But is it enough to stay relevant?
Audi has done a good job keeping its US lineup fresh but there are a handful of models in need of an update. The second-generation Q7 has only been around since 2016 but next to its siblings like the new Q8, it features outdated technology and powertrains. Audi was seen testing a camouflaged Q7, which has now been revealed to be the facelifted 2020 model. For the 2020 model year, the Q7 receives a much-needed facelift (both inside and out). But is it enough to keep Audi's mid-size offering relevant in the competitive luxury crossover space?
Right off the bat, Audi scored a major win in the styling department by emulating the sexy look of the Q8 on the new Q7. The front end features a new octagonal grille with a sharper headlight design and body cladding runs down the side profile to give the Q7 a more rugged look. Out back, the rear end styling isn't as dramatic as the coupe-like Q8 but it does look more like a Q5 than before. This facelift surprisingly looks more significant than some of Audi's recent redesigns and should fool plenty of shoppers into thinking this is an all-new model.
An all-new interior layout further adds to the illusion this is an all-new model and not just a facelift. The knob-controlled pop-up screen is gone and has been replaced by the dual-screen arrangement found in most new Audi models. Along with being more aesthetically pleasing, the new multimedia interface includes all of the latest technology including LTE connectivity, a Wi-Fi hotspot, natural voice control, Google Earth, smartphone integration, and Amazon Alexa. In European cities, the car can even tell the driver the optimum speed to make the next green traffic light.
Audi will sell the Q7 with either five or seven seats. For 2020, the Q7 has grown slightly and now measures 16.6 feet long, 6.5 feet wide, and 5.7 feet high (including the roof aerial). Audi says the Q7 will beat its rivals on interior length as well as head and elbow room and the rear cargo area offers 30.5-72.4 cubic feet of storage depending on which seats are folded. The Q7 has always been slightly larger than its midsize competitors like the BMW X5 and Mercedes GLE but smaller than full-size SUVs like the new X7 and GLS.

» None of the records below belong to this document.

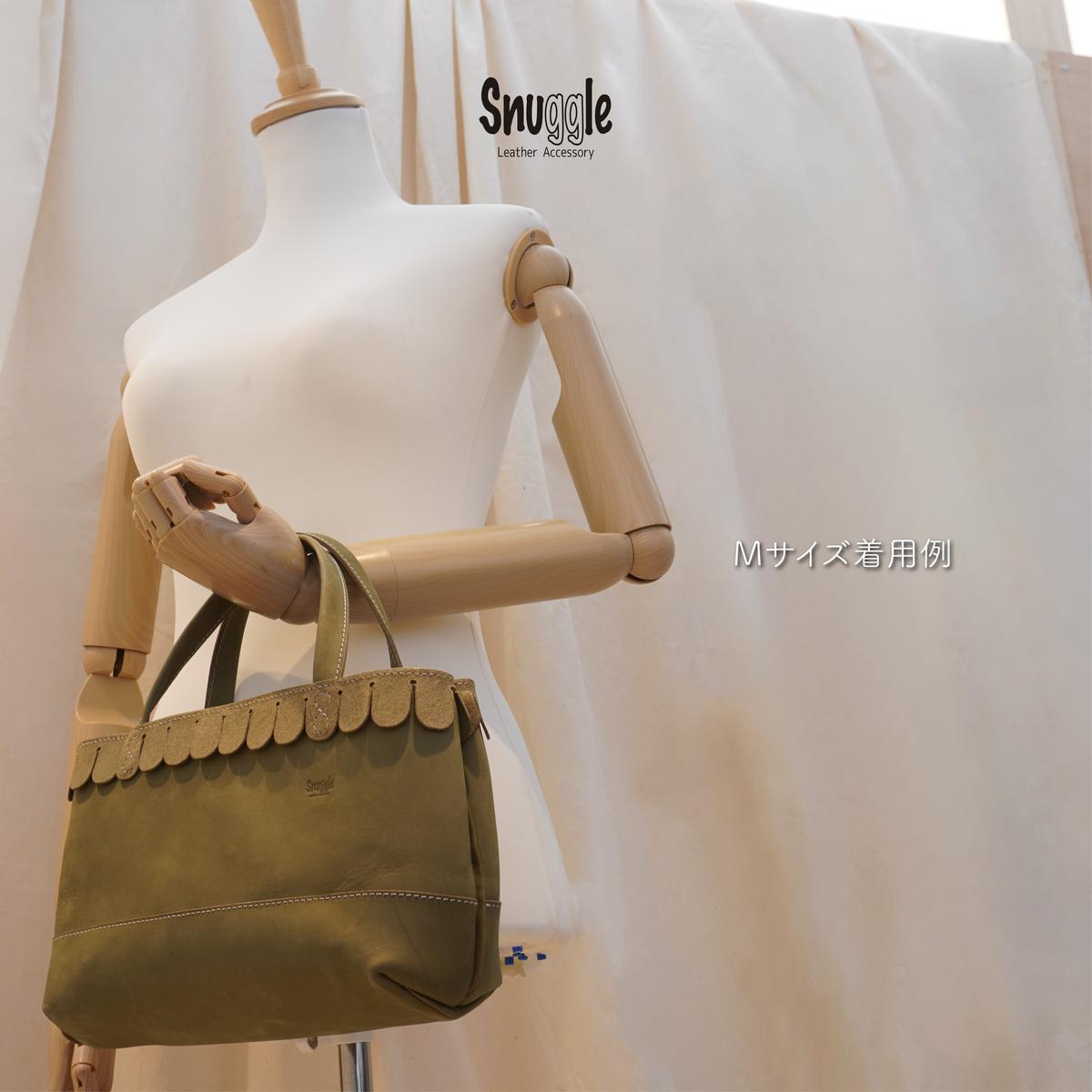 【4色展開】ラッフルトート（M）革小物　ハンドメイド　手縫い　一点物　革カバン　トートバッグ　レザートート　スナッグルレザー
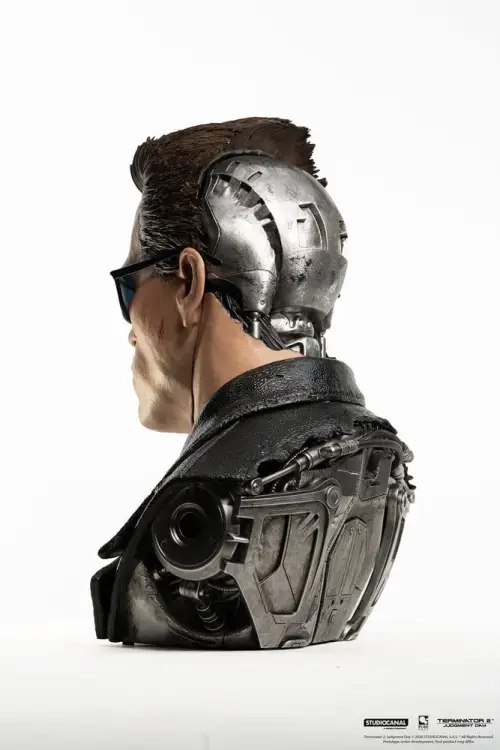 Pure Arts Terminator 2 - T-800 Model 101 - Battle Damaged 1/1 Scale Art Mask Replica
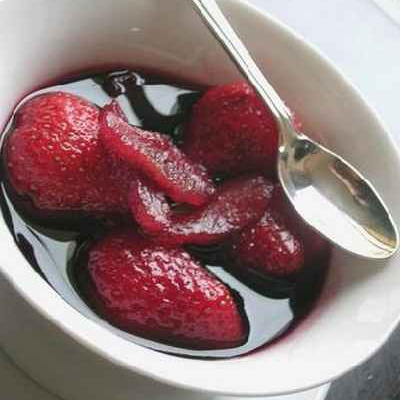 Soupe aux deux fraises et à l'hibiscus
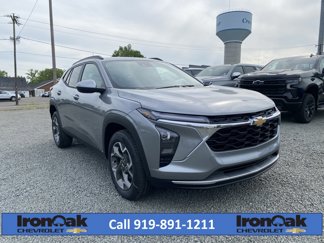 New 2025 Chevrolet Trax LT w/ Driver Confidence Package image 1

The outgoing Q7 is powered by either a 2.0-liter turbocharged inline-four producing 253 horsepower and 273 lb-ft of torque or a 3.0-liter supercharged V6 with 329 hp and 325 lb-ft of torque. The V6 wasn't out-of-date in terms of power but it did suffer at the pump. Audi hasn't confirmed powertrains for the US but the press release did mention a 48-volt mild hybrid system. We expect the Q7 to receive the same 3.0-liter turbocharged V6 with mild hybrid assist from the Q8 producing 335 hp and 369 lb-ft of torque, mated to an eight-speed automatic. The mild hybrid system smooths out the stop-start system, making it nearly imperceptible.
Audi hasn't revealed pricing information for the 2020 Q7 but we expect it to remain close to the V6-powered 2019 model, which starts at just under $60,000. This would put it right on par with the BMW X5 and Mercedes-Benz GLE.
Both of the Q7's main rivals, the BMW X5 and Mercedes GLE, recently received major redesigns, catapulting them to the top of the class. Audi's improvements may not be as drastic but do help the Q7 remain competitive. Sales of the Q7 have remained steady since 2016 and only fell slightly in 2018. This new facelift should majorly reinvigorate sales when it arrives in 2020.